I’m conflicted, of course. Part of me says, to hell with what everyone else is wearing. Stick to your sumptuous, handmade, Goodyear-welted beauties. And then the other part looks at a pair of On Cloudvistas or Hoka Bondi 8s and lusts after that all-day comfort – cloudlike cushioned cosiness, for heaven’s sake – and whispers, give it to me, baby.
My shoe collection looks like a graveyard. I stare across the rows of wonderfully patinated, butter-soft leather boots, brogues and loafers by Henry Maxwell, Church’s, Crockett & Jones, Cheaney, Tricker’s and Alfred Sargent. An R.M. Williams or two for rugged, in-the-field manliness, here and there a more delicate Carmina or the surprisingly inexpensive Mocasines Pepe of Marbella (good enough for the king of Spain, good enough for me) for a whiff of Spanish estilo. Is that a pair of black tassel loafers over there, relegated to the ‘don’t wear, will never wear, what was I ever thinking, but can’t quite throw them out yet’ category?
But wait, what’s that? A pair of New Balance dad trainers, laddish Nike Air Force 1s and a feeble, misjudged attempt at the ‘smart black trainer’, the clumpy Camper Runner K21. I know. My wife was right.
I first dipped my toes, so to speak, in trainers years ago. That was because we had to. In the 1970s, trainers meant PE and PE meant running the gauntlet past a regularly rotating cast of prep school paedophiles. We all wore Dunlop Green Flashes, as first sported by Fred Perry half a century earlier. Looking back on it, they were crap. Later came Converse, another concession to American democratic wear, and although they always looked good, and still do, they were also crap. Wear them for a day and see how you feel. Later still came the obscenely comfortable Camper Pelotas in brown leather, but I’m not sure they were ever really trainers. I live in mine.
What’s a man to do?
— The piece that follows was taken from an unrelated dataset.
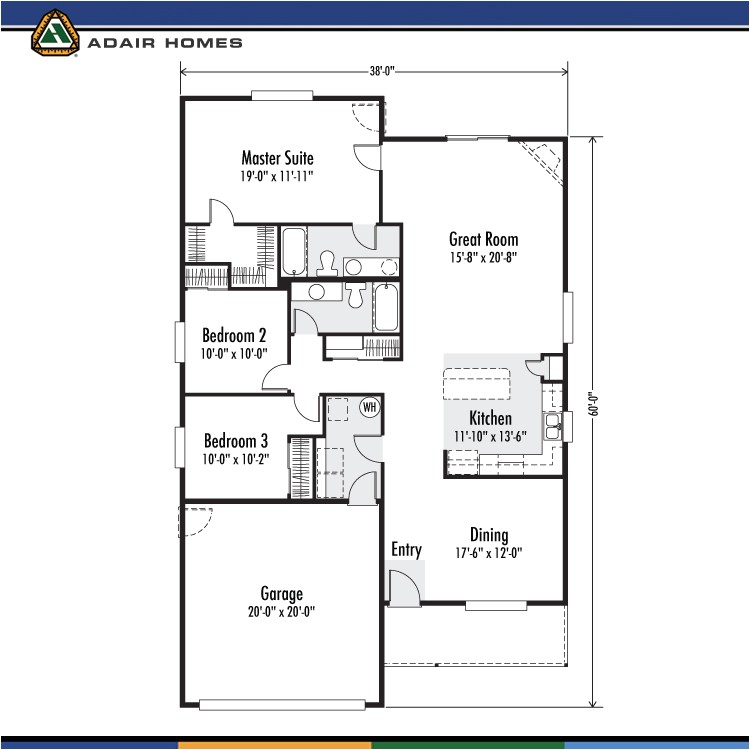 Adair Home Plans Adair Homes the Whidbey 1634 Home Plan Adair Home Plans Adair Homes the Whidbey 1634 Home Plan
In my mid-fifties confusion over how to navigate this sartorial wasteland, I consult my guru Stephen Bayley (who confesses to having forecast the demise of the trainer back in 1992). ‘A hybrid sports-formal shoe, viz Prada, is now such a commonplace that establishments attempting to ban trainers in their dress code look like T-Rex seconds before the asteroid hit,’ he says. ‘But the only certain thing about taste is that it changes. So when the Prime Minister poses in Adidas Sambas, I am predicting the return of brogues and spats.’